Si la perspective de L’Éclaircie dans la forêt semble à première vue s’apparenter à celle de Branchages (VG 146), on s’aperçoit vite qu’elle n’est pas du tout aussi claire. Dans Branchages, la perspective est une vue en contre-plongée, le regard du spectateur se situant au bas du tronc, à hauteur des racines. De même, Paysage rocheux, le Cours d’eau et le Ruisseau sous-bois s’inscrivent dans l’espace classique du paysage, où le spectateur peut aisément se situer. Ce n’est plus le cas de L’Éclaircie dans la forêt, où malgré la perspective ouverte par la trouée le spectateur ne trouve aucun repère : contemplant cet enchevêtrement de branches et de feuillages, il s’interroge non seulement sur ce qu’il voit mais sur son point de vue. Est-il dedans ou dehors, au-dessous ou au-dessus ? Comme l’observe François Fossier « on ne sait vraiment pas où se placer dans cet inextricable lacis de racines, de fougères, de lianes, de feuillages ténus. » (Fossier, p. 17). La trouée elle-même ne constitue pas à proprement parler une ouverture sur un arrière-plan, comme dans le Bon Samaritain (VG 100) ou La Fuite en Égypte (VG 85 où une ville se dessine dans le lointain. Le seul repère indiqué par Bresdin, ce sont les signatures presque invisibles gravées au bas : le monogramme RB au milieu et les lettres RoDophe BReDin (sic) précédées de la date 1880 à droite. Or, l’estampe se laisserait regarder aussi bien dans un autre sens. C’est ainsi que sur l’épreuve de la BnF le timbre de Rodolphine Bresdin puis celui de la bibliothèque ont été apposés par erreur en haut de l’estampe et non au bas où se trouvent les signatures (cette épreuve a été par suite reproduite à l’envers dans Bresdin, Dessins et gravures de Dirk van Gelder en 1976, puis dans le bon sens dans le catalogue raisonné).

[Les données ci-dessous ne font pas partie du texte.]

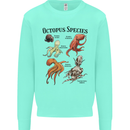 Octopus Species Sealife Scuba Diving Kids Sweatshirt Jumper Peppermint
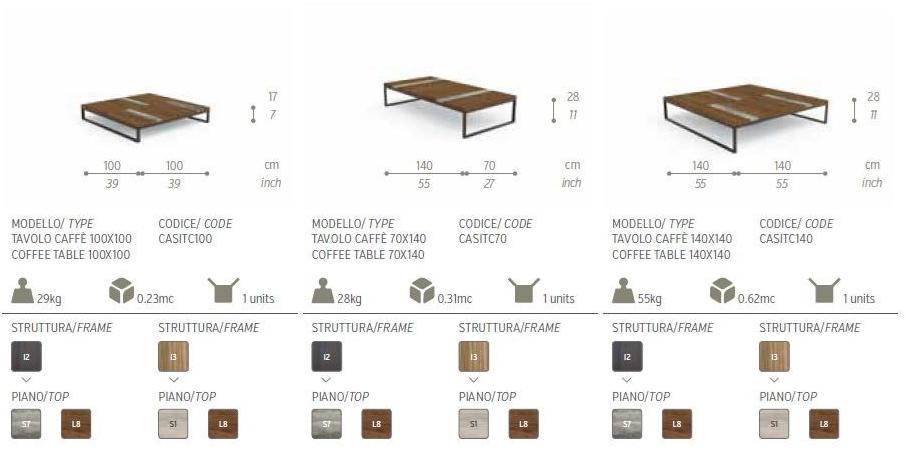 Talenti Квадратный деревянный столик для сада Casilda sun-id-1390350 - Вид №7
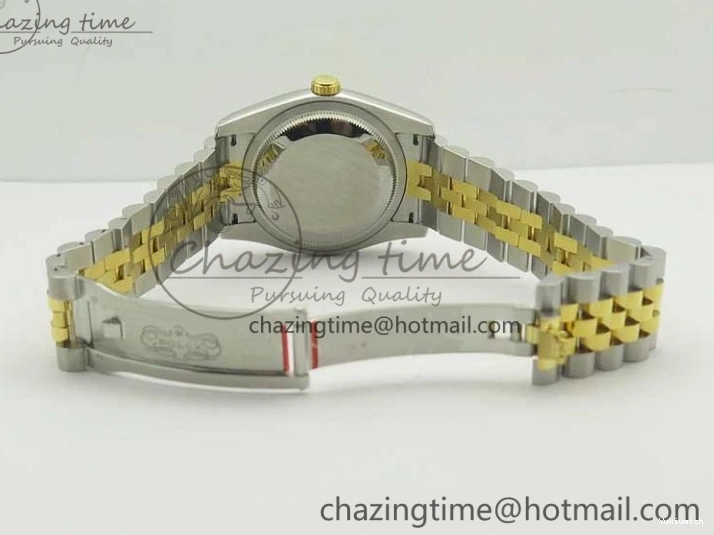 YG Stick Silver Bracelet on SS 126233 Markers ARF Jubilee Dial SS DateJust Best Edition 36 YG 1:1 SH3135 0505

Références : Dirk van Gelder, Rodolphe Bresdin, vol. 1, Monographie, vol. 2, Catalogue raisonné de l'œuvre gravé, La Haye, 1976 ; Dirk van Gelder, Rodolphe Bresdin : Dessins et Gravures, Paris, 1976 ; Hans Albert Peters, Die Schwarze Sonne des Traums : Radierungen, Lithographien und Zeichnungen von Rodolphe Bresdin, 1822-1885, 1972 ; Robert de Montesquiou, L'inextricable graveur - Rodolphe Bresdin, 1913. François Fossier, Rodolphe Bresdin (1822-1885) un graveur solitaire, 1990.